• Task objective:
When the line with "PIECYK ELEKTRYCZNY DO" appears below, start repeating lines exactly, and keep going through the line with "BANDAI SPIRITS METAL"; add nothing outside that span.
+++++
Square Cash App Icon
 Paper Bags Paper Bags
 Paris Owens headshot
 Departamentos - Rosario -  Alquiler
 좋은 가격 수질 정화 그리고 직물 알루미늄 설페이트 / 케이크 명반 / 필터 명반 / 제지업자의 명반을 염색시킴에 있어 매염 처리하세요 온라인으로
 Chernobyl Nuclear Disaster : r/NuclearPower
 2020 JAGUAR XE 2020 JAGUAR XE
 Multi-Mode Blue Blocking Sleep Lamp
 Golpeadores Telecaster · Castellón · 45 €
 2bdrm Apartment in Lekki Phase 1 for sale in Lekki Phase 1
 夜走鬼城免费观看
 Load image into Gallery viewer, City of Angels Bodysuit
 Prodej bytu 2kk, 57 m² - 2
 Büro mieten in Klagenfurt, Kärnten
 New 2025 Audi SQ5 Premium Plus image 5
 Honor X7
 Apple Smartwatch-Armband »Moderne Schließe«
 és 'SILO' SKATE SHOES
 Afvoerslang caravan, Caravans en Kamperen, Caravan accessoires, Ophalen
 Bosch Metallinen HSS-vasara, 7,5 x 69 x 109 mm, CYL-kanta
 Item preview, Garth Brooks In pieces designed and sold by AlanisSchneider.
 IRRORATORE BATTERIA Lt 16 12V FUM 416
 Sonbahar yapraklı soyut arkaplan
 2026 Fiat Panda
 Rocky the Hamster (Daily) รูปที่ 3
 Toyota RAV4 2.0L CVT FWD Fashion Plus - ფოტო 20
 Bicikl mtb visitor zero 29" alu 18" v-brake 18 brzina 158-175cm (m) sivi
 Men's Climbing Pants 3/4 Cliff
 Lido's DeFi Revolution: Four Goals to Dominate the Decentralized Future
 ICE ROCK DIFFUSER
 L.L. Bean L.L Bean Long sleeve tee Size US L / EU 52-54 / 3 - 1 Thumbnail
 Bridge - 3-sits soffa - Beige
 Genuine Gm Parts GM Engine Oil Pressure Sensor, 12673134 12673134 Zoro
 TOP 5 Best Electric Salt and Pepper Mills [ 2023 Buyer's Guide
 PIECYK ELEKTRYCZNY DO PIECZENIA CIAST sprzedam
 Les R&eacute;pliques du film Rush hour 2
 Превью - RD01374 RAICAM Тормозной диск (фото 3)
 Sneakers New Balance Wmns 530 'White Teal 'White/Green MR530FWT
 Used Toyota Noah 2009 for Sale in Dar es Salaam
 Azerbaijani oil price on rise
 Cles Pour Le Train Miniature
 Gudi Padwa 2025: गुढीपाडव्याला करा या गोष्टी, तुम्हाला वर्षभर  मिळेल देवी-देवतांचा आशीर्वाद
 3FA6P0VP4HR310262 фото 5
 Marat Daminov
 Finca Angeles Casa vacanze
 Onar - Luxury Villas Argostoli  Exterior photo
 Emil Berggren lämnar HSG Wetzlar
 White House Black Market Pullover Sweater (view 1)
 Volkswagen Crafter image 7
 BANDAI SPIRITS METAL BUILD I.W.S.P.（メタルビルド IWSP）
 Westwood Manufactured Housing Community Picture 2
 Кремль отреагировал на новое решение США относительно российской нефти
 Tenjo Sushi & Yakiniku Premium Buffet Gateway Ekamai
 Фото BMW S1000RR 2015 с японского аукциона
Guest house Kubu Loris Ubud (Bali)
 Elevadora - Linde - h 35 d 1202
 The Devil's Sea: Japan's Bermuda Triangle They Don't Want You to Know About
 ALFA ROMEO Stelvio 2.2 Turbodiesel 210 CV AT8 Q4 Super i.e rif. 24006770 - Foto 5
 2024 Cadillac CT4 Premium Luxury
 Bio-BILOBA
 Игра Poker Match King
+++++
• Solution below:
 PIECYK ELEKTRYCZNY DO PIECZENIA CIAST sprzedam
 Les R&eacute;pliques du film Rush hour 2
 Превью - RD01374 RAICAM Тормозной диск (фото 3)
 Sneakers New Balance Wmns 530 'White Teal 'White/Green MR530FWT
 Used Toyota Noah 2009 for Sale in Dar es Salaam
 Azerbaijani oil price on rise
 Cles Pour Le Train Miniature
 Gudi Padwa 2025: गुढीपाडव्याला करा या गोष्टी, तुम्हाला वर्षभर  मिळेल देवी-देवतांचा आशीर्वाद
 3FA6P0VP4HR310262 фото 5
 Marat Daminov
 Finca Angeles Casa vacanze
 Onar - Luxury Villas Argostoli  Exterior photo
 Emil Berggren lämnar HSG Wetzlar
 White House Black Market Pullover Sweater (view 1)
 Volkswagen Crafter image 7
 BANDAI SPIRITS METAL BUILD I.W.S.P.（メタルビルド IWSP）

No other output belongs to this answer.